太鼓の音が遠ざかる。あの「世界」も遠ざかる。
あの人達は何だった?私は何だった?
今のは一体、何だったのか?
ものの3分くらいだと思う。もう吐き気もしない。体育教師の声が聞こえて起きあがった。
「宝達は長距離走になると本気をだすのか?自分でトレーニングでもしてるのか?」
「いや別に。マラソンなんて嫌いです。」
それ以上話したくなかった。
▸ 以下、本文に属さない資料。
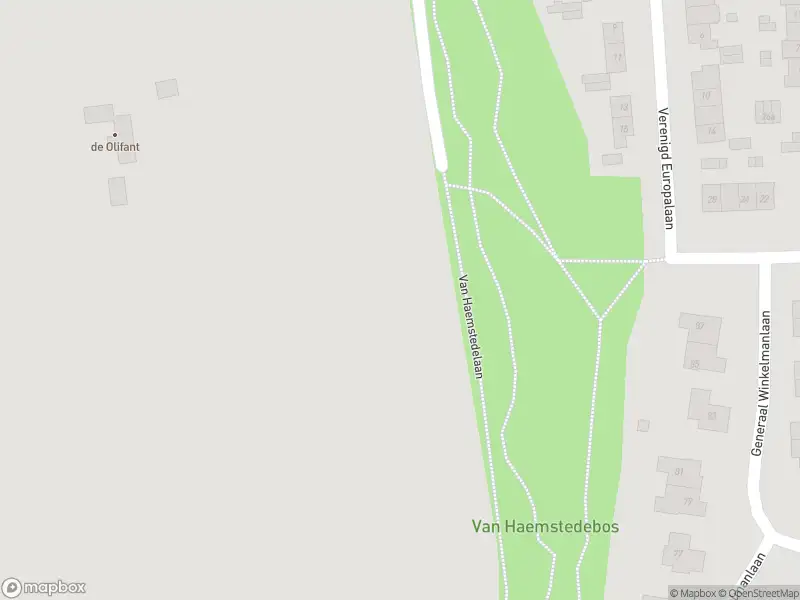 Brandweer met grote spoed naar de Van Haemstedelaan in Aerdenhout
それどころではなかった。

その現象は以後1年半くらいの間に5回ほどあらわれた。
その異様な吐き気とともに押し寄せる「世界」は、同じだった。
そっちにも自分(どんな容姿なのかよくわからないが自分とは全く違う 感じがする)と友達というか「仲間」がいる。
その現象が起きているときは、必死にいろいろなことを覚えておいて忘れないようにして、説明や記録をしようと思って「これがこうで、これはこういうことで」とか認識するのだが、いざその現象が終わるとバカみたいに何も言葉にできない。
記憶喪失ともちょっと違う。
つまり、こちらの言語体系、概念を使って説明することができないのだ。
説明しようとすると、先述した「これがこうで」というような、それ自体では 意味をなさないような抽象的表現にしかならない。
かろうじて、音や映像の断片、感触などは少し残っている。
それらをモチーフに、今までいろいろな曲や詞にしたりしている。